Here's Why The ACA Repeal Happened Overnight

by Bronwyn Isaac
Mark Wilson/Getty Images News/Getty Images

With just a little over a week until the inauguration of President-elect Donald Trump, the Senate Republicans held a midnight vote to repeal Obamacare on Wednesday night while many of us were sleeping. The voting marathon to repeal Obamacare, officially known as a vote-a-rama, started around 6:30 p.m. on Wednesday and continued until early Thursday morning.

This all-night process wasn't an official House vote to repeal Obamacare; that will happen on Friday. Rather, it marked the first step from Senate Republicans towards repealing ACA. The pressure for Republicans to make moves this week mounted when, during his first press conference, Trump urged Republicans to repeal Obamacare as soon as possible.
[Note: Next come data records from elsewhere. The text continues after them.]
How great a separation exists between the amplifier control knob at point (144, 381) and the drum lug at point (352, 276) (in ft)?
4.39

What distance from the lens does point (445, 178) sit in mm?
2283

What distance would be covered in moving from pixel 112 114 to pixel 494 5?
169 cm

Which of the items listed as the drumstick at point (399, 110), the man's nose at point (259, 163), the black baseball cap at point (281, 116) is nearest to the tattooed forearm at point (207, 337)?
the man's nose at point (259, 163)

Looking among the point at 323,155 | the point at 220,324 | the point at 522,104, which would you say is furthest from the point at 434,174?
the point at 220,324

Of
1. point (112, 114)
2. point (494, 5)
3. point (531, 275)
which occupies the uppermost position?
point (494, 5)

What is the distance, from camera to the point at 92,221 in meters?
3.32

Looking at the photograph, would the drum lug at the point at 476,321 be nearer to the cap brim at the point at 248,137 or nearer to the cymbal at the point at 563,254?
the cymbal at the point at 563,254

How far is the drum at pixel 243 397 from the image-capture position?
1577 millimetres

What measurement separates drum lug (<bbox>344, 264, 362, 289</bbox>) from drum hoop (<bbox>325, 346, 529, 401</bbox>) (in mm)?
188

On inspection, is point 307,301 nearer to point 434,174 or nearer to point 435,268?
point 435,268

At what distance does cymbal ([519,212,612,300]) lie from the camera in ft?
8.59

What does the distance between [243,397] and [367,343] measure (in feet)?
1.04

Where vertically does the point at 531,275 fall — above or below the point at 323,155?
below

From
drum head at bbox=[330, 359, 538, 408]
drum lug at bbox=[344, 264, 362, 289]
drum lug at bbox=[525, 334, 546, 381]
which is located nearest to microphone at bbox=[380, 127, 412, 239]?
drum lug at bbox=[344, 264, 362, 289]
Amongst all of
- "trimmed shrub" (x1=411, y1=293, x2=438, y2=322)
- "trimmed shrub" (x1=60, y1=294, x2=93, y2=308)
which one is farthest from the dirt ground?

During a phone interview with The New York Times on Tuesday, the President-elect vaguely alluded to an Obamacare repeal vote occurring, "probably some time next week." In keeping with that promise, Republicans got to work during the all night voting marathon. But why in the middle of the night?

The reason this particular voting process didn't close until 1:30 a.m. ET was because a vote-a-rama is by definition a lengthy process during which Senators both challenge and present amendments to proposed pieces of legislation — which, in this case, involved Democrat members of Senate fighting to defend Obamacare. Due to the lengthy nature of this process, and the unpredictability of how many amendments will be presented, vote-a-ramas are required to happen during hours that don't overlap with regular Senate hearings.
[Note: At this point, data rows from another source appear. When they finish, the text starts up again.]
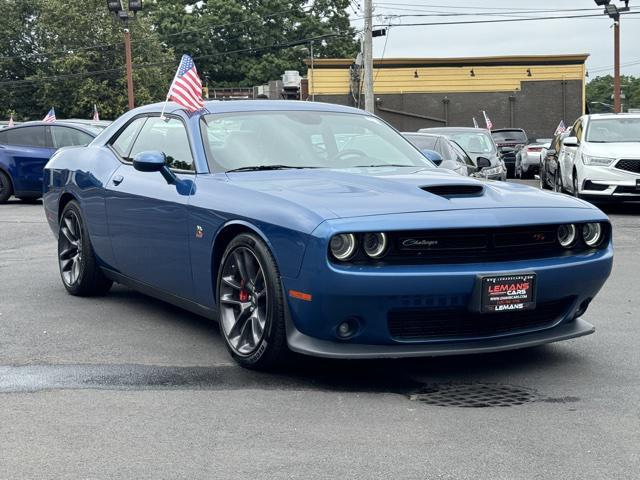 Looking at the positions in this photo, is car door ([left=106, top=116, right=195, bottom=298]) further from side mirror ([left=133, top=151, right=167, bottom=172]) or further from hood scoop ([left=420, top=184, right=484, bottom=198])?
hood scoop ([left=420, top=184, right=484, bottom=198])

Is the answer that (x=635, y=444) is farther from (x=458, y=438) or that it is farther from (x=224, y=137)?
(x=224, y=137)

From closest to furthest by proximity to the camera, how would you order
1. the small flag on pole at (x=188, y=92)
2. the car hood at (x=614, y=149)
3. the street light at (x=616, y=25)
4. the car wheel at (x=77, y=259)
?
the small flag on pole at (x=188, y=92)
the car wheel at (x=77, y=259)
the car hood at (x=614, y=149)
the street light at (x=616, y=25)

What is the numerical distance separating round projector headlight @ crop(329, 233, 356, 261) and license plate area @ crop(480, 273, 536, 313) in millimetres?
641

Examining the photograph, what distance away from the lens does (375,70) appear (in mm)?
51312

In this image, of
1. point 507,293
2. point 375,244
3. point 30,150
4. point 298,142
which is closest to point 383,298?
point 375,244

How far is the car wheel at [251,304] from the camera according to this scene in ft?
16.3

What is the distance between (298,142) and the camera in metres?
6.26

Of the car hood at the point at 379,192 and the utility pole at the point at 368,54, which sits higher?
the utility pole at the point at 368,54

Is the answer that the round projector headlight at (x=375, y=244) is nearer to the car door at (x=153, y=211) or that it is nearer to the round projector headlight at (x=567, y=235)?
the round projector headlight at (x=567, y=235)

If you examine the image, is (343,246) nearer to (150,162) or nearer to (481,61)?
(150,162)

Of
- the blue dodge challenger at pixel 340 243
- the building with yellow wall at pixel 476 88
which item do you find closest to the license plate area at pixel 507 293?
the blue dodge challenger at pixel 340 243

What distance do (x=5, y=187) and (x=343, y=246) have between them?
1435cm

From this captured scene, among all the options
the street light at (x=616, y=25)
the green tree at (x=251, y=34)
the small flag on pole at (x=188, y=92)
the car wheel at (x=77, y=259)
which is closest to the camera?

The all night process resulted in a 51-48 vote along party lines in favor of a budget resolution that would lay the groundwork for Obamacare to be stripped. While the actual piece of legislation that would result in stripping ACA won't be voted on until Friday, the late night votes on Wednesday laid out the plan to dismantle. Unfortunately, as of yet, the Senate Republicans haven't laid out a clear alternative to Obamacare once it's repealed, which could pose a grave problem to the 20 million people whose health insurance was made possible by Obamacare.
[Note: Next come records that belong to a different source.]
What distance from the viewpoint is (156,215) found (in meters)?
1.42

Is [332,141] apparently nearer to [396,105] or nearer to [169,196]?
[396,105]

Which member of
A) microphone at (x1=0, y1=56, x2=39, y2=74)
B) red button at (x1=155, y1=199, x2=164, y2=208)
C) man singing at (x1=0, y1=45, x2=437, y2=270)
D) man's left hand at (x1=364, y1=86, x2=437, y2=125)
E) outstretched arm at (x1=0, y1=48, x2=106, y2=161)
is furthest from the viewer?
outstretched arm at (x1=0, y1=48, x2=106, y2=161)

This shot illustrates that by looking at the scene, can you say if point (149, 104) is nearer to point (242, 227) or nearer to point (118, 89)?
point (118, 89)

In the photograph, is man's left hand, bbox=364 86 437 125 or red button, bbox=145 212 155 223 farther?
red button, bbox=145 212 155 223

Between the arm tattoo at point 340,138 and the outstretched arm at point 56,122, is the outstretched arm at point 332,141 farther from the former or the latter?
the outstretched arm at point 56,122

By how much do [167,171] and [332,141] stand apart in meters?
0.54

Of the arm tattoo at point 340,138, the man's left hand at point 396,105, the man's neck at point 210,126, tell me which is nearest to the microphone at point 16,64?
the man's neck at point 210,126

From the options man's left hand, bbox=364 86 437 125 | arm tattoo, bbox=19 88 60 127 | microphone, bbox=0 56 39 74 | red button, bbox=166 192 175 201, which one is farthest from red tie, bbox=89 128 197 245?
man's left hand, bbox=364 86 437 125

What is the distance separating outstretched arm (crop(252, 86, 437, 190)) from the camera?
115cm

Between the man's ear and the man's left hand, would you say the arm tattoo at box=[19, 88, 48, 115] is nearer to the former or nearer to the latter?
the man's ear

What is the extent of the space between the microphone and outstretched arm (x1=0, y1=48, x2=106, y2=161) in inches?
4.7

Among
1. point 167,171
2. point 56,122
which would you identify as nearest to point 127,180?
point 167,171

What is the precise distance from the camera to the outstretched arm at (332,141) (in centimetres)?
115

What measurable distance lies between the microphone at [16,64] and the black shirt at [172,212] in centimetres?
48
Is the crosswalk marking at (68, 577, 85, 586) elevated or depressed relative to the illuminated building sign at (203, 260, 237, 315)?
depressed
For Republicans, it was a proactive move to hold a vote-o-rama about the legislation before Trump is even office, and yet, the quick movement could potentially backfire without a replacement plan. At least, that's what a handful of both Republicans and Democrats have expressed.

Chip Somodevilla/Getty Images News/Getty Images

Tennessee Republican Sen. Bob Corker told CNN that he thinks it would be wiser for his fellow Republicans to find a replacement plan before stripping Obamacare. "To me, it's much more prudent to figure out where you're going to go from here, and attempt to do it all at the same time. People will see some of the flaws in just repealing only," he said.

In what might provide a sliver of hope to those concerned about the possibility of the ACA being repealed, Corker is hardly alone in his concerns about the lack of replacement. North Carolina Republican Rep. Mark Meadows told The Washington Post that he also thinks there should be a firm healthcare replacement plan established before moving forward. "We just want more specifics. I’m willing to take a vote today if we have the specifics. So it’s not as much slow it down for slowing-it-down purposes as it is, we need to know what we’re going to replace it with," he said.

Unsurprisingly, the concerns on the other side of the political aisle don't so much echo those of Meadows and Corkers, but rather take it a step further. Vermont Sen. Bernie Sanders openly expressed his disapproval of the possible demise of Obamacare to POLITICO, making sure to point out how many millions of Americans could be left in a lurch without healthcare. He said, "I understand Sen. Corker wants more time. Maybe they will develop a plan, but right now, what they are talking about is repealing legislation which has brought millions of people health care and they have no substitute."

While we wait to see how the outcome of the House vote on Friday, those of us opposed to the stripping of healthcare insurance can call our representatives to protest the GOP repealing Obamacare. The job of our representatives is to represent the concerns of their constituents, so don't hesitate to make your voice heard if you are concerned.